**Exercise instructions:**
The records that follow must be reproduced in full, with every picture excluded.

Start of Material for this exercise

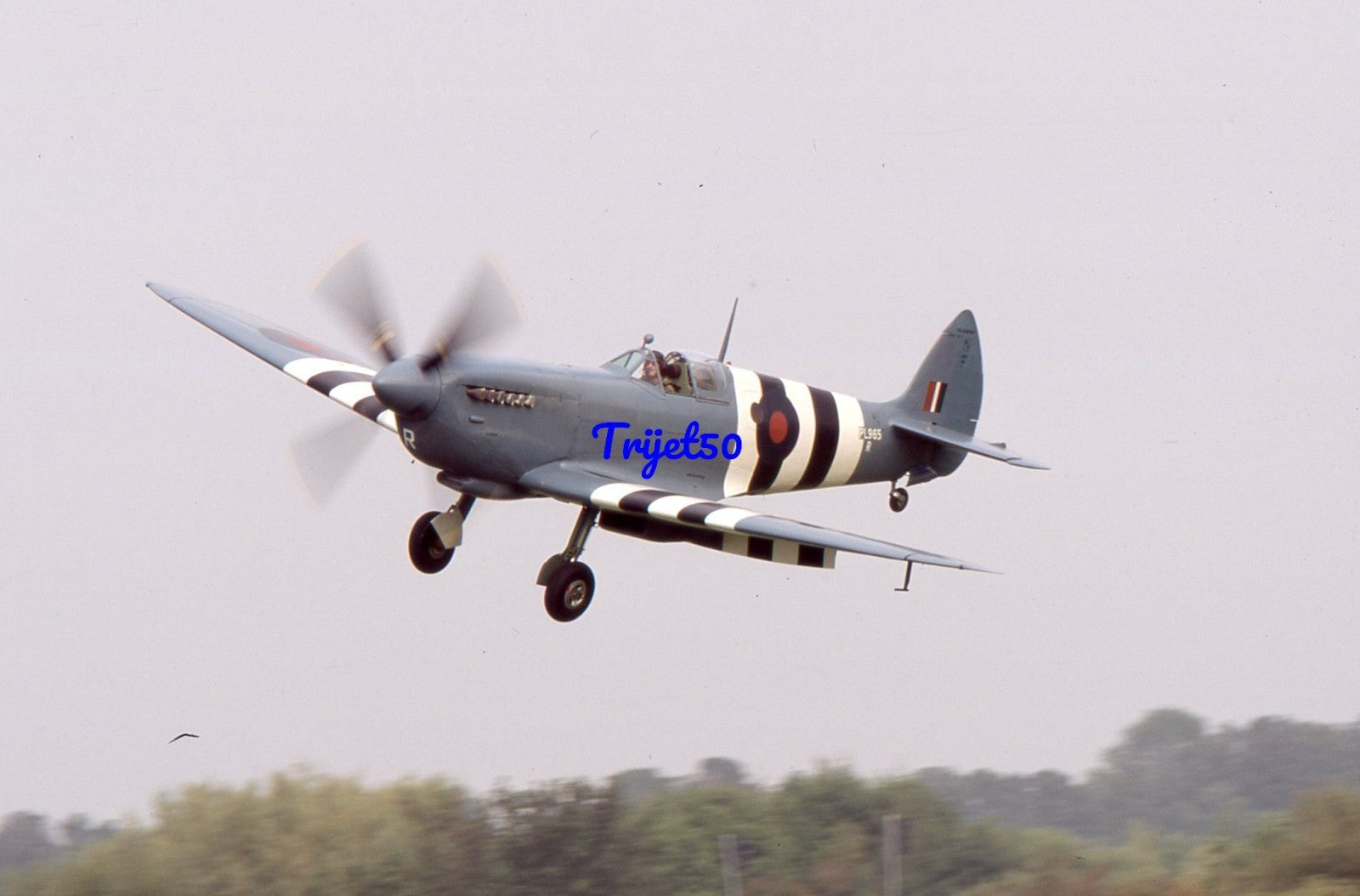 35mm Military Aircraft Slide Spitfire PL965 G-MKXI at Shoreham 2005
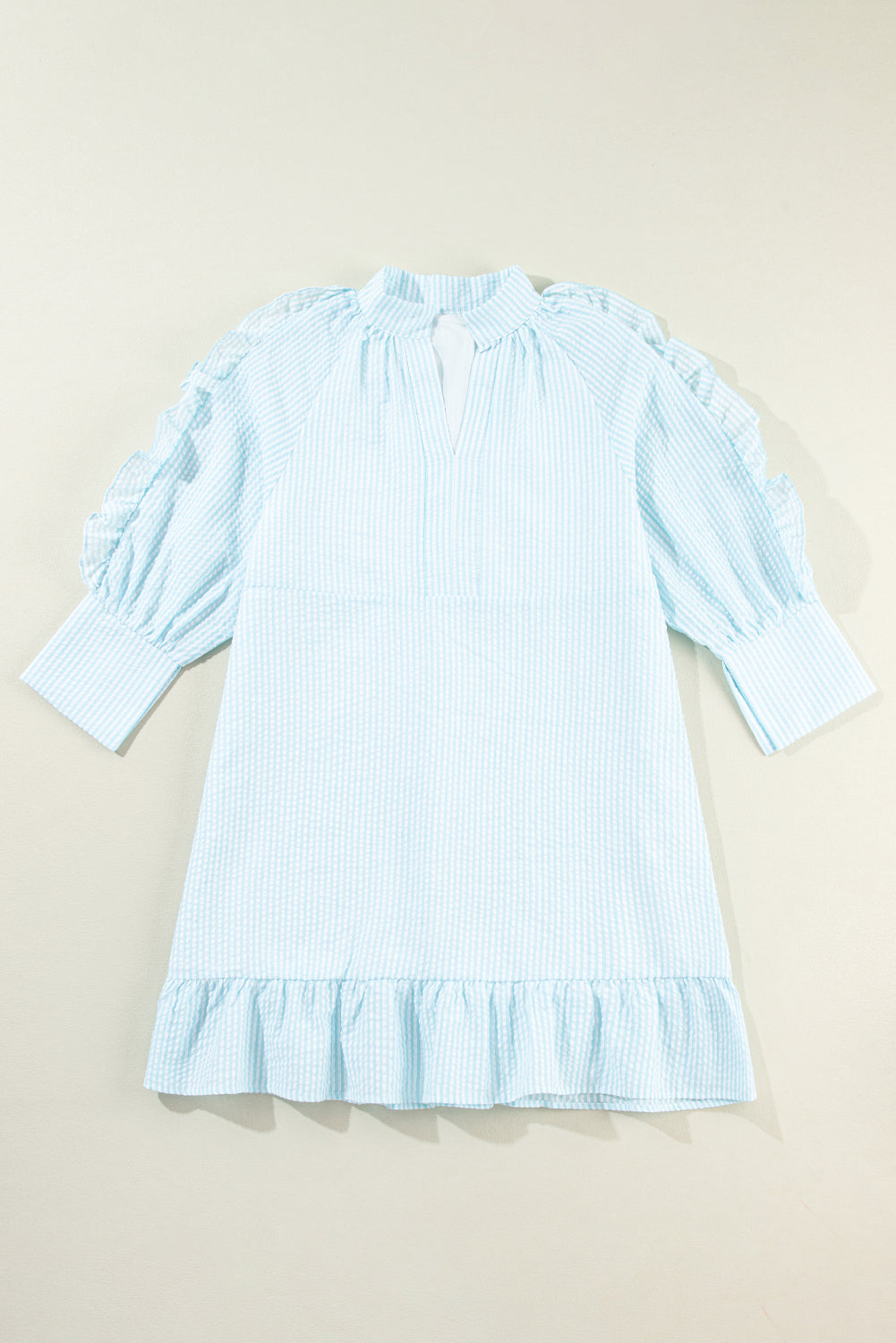 Blue Striped Ruffled Mini Dress: Playful Casual Summer Style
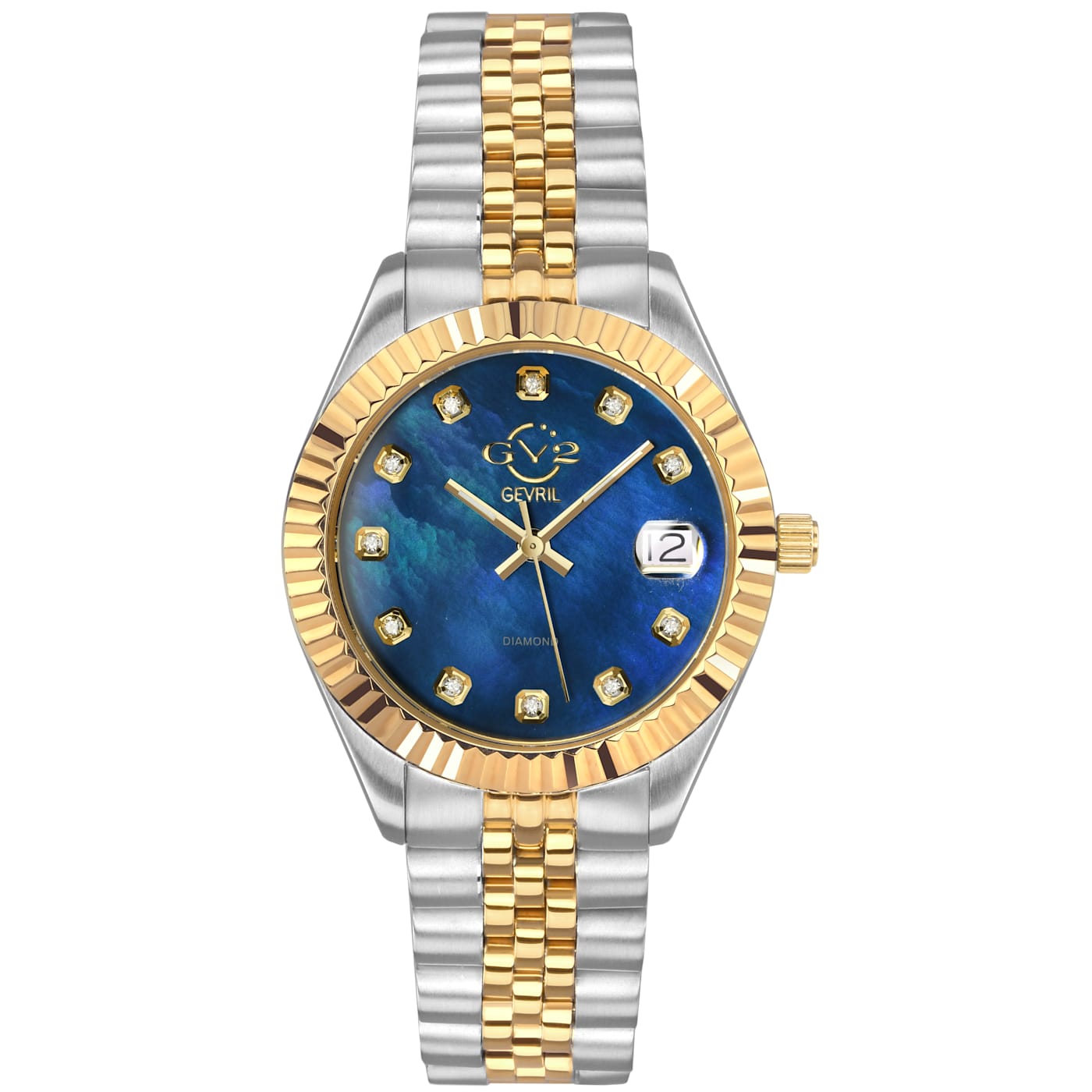 GV2 by Gevril Women's Naples 12406 Blue MOP Dial Diamond Two-Tone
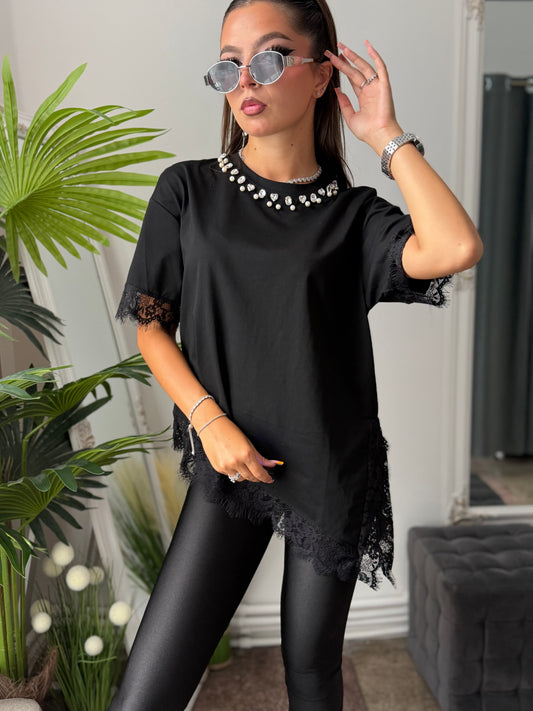 Tricou cu dantelă negru SARA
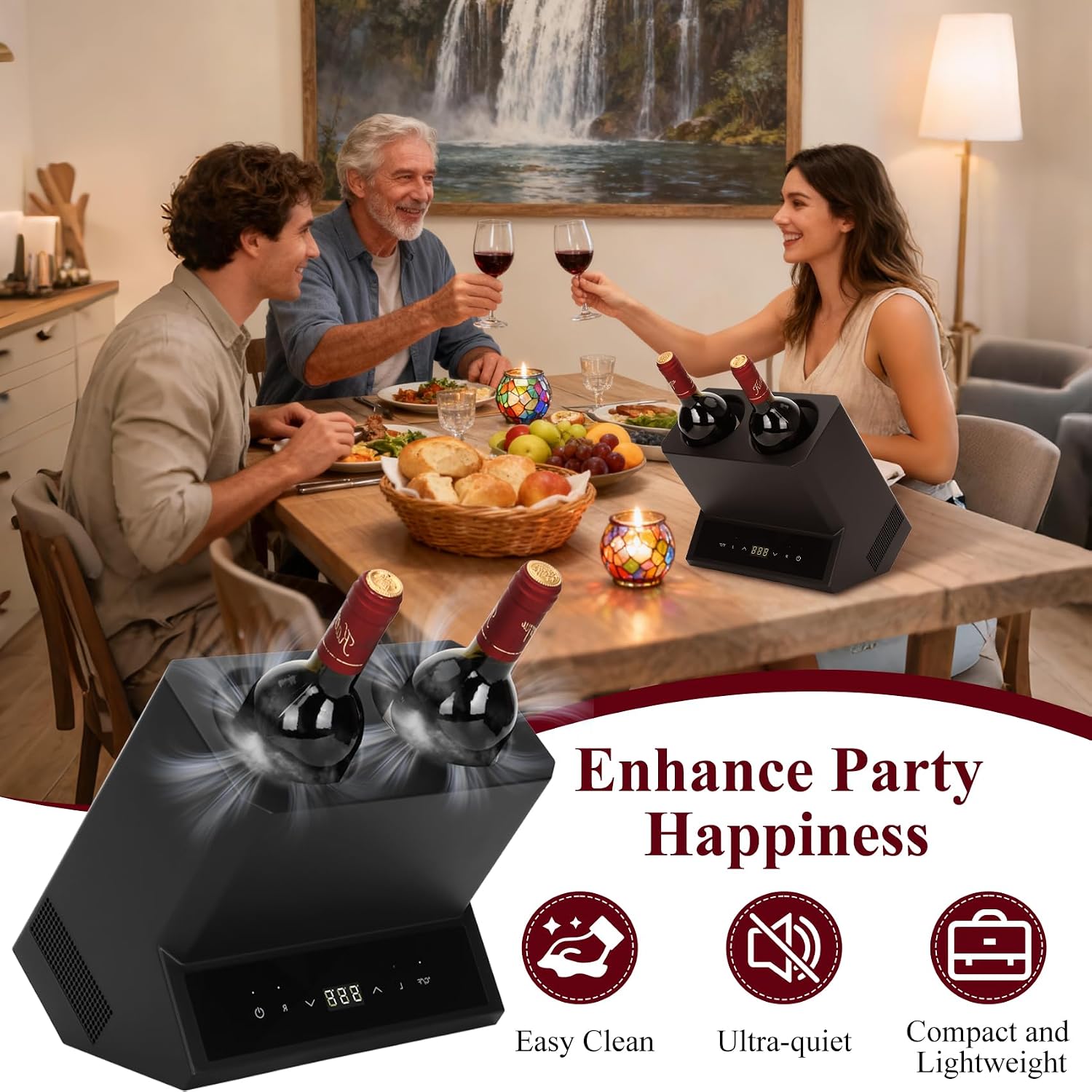 Electric Wine Chiller Double Bottle - Premium 24H Iceless Portable Cooler,Wine Chiller for 750ml Wine/Champagne,Multi-Scene Vino Accessory for Kitchen/Bar/RV - Perfect Gift for Wine Lovers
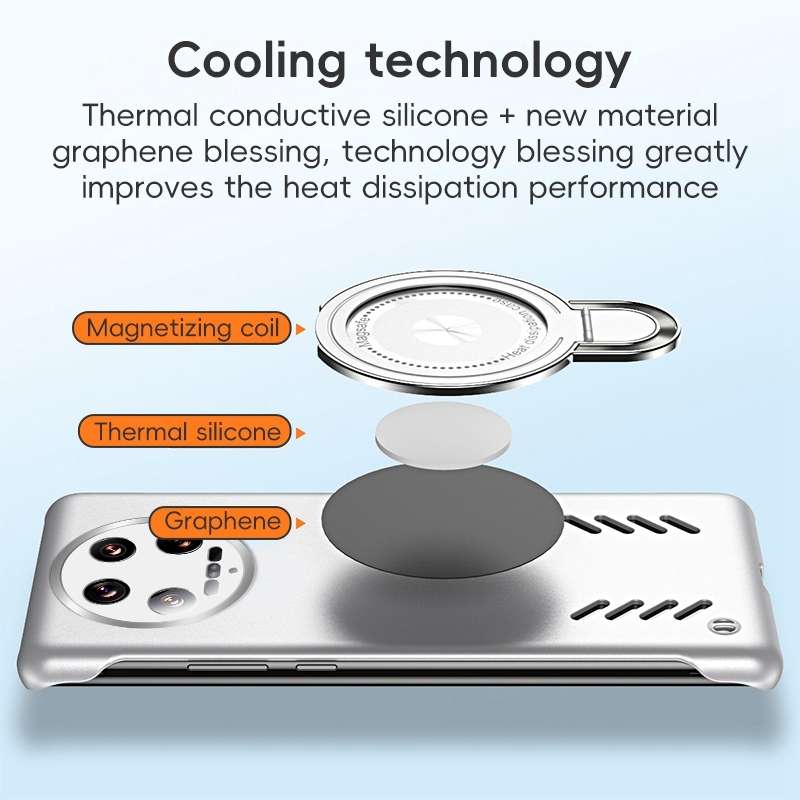 For Xiaomi 14 Ultra Ice Sense Series Graphene Cooling MagSafe Holder Phone Case(Silver)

End of Material for this exercise

**Answer:**
 35mm Military Aircraft Slide Spitfire PL965 G-MKXI at Shoreham 2005
 Blue Striped Ruffled Mini Dress: Playful Casual Summer Style
 GV2 by Gevril Women's Naples 12406 Blue MOP Dial Diamond Two-Tone
 Tricou cu dantelă negru SARA
 Electric Wine Chiller Double Bottle - Premium 24H Iceless Portable Cooler,Wine Chiller for 750ml Wine/Champagne,Multi-Scene Vino Accessory for Kitchen/Bar/RV - Perfect Gift for Wine Lovers
 For Xiaomi 14 Ultra Ice Sense Series Graphene Cooling MagSafe Holder Phone Case(Silver)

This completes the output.